Stability Analysis and Controller Synthesis for Singular Discrete Linear Systems with State Saturation

研究了状态饱和奇异离散线性系统的稳定性分析与状态反馈控制律综合问题.通过引入无穷范数小于等于1的自由矩阵,将状态饱和奇异离散线性系统的状态变量约束在一个顶点与自由矩阵相关的凸多面体内,从而将状态饱和非线性奇异离散系统的稳定性分析问题转换成具有凸多面体不确定参数的奇异离散线性系统的鲁棒稳定性分析问题,引入自由矩阵来描述奇异离散系统代数子系统变量与差分子系统变量的代数约束关系,给出了状态饱和奇异离散线性系统的正则、因果和渐近稳定的新判据,并给出了相应的状态反馈控制律综合算法.稳定性判据与控制律设计算法以矩阵不等式形式给出,可以使用所提出的迭代线性矩阵不等式算法求解.数值例子验证了算法的有效性与正确性.

The problem of stability analysis and state feedback controller synthesis for singular discrete linear systems with state saturation is studied. By introducing a free matrix whose infinity norm is less than or equal to 1, the state variables under saturation constraint are confined in a convex hull whose vertexes are associated with this free matrix.
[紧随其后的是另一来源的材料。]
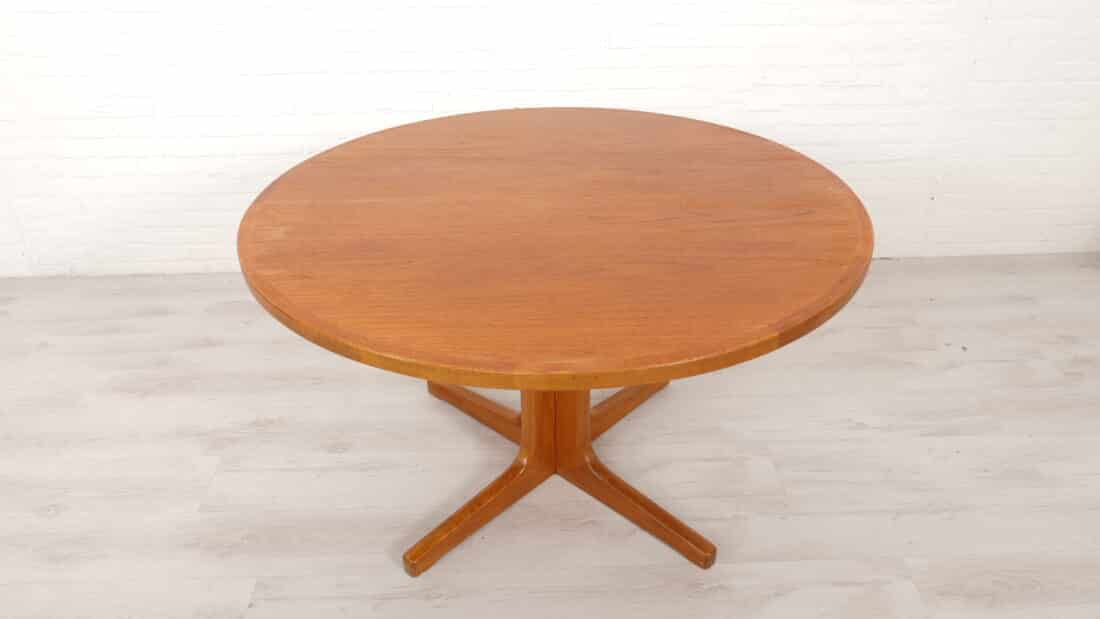 Trp Post Container Data Trp Post Id 18503 Vintage Dining Table Round Teak Extendable 122 Cm Trp Post Container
Based on this, the original stability problem of singular discrete systems with state saturation nonlinearity is transformed into the robust stability analysis problem of linear singular discrete systems with polytopic type uncertain parameters. With the introduction of a free matrix to draw the relationship between algebraic subsystem variables and difference subsystem variables, a sufficient criterion for discrete linear singular systems with state saturation to be regular, causal and asymptotically stable, is obtained in terms of matrix inequalities. The corresponding state feedback control law synthesis algorithm is also given. The obtained stability criterion and controller design algorithm are given in terms of matrix inequalities that can be solved using the presented iterative linear matrix inequality algorithm. Numerical examples are used to show that the presented method is applicable and effective.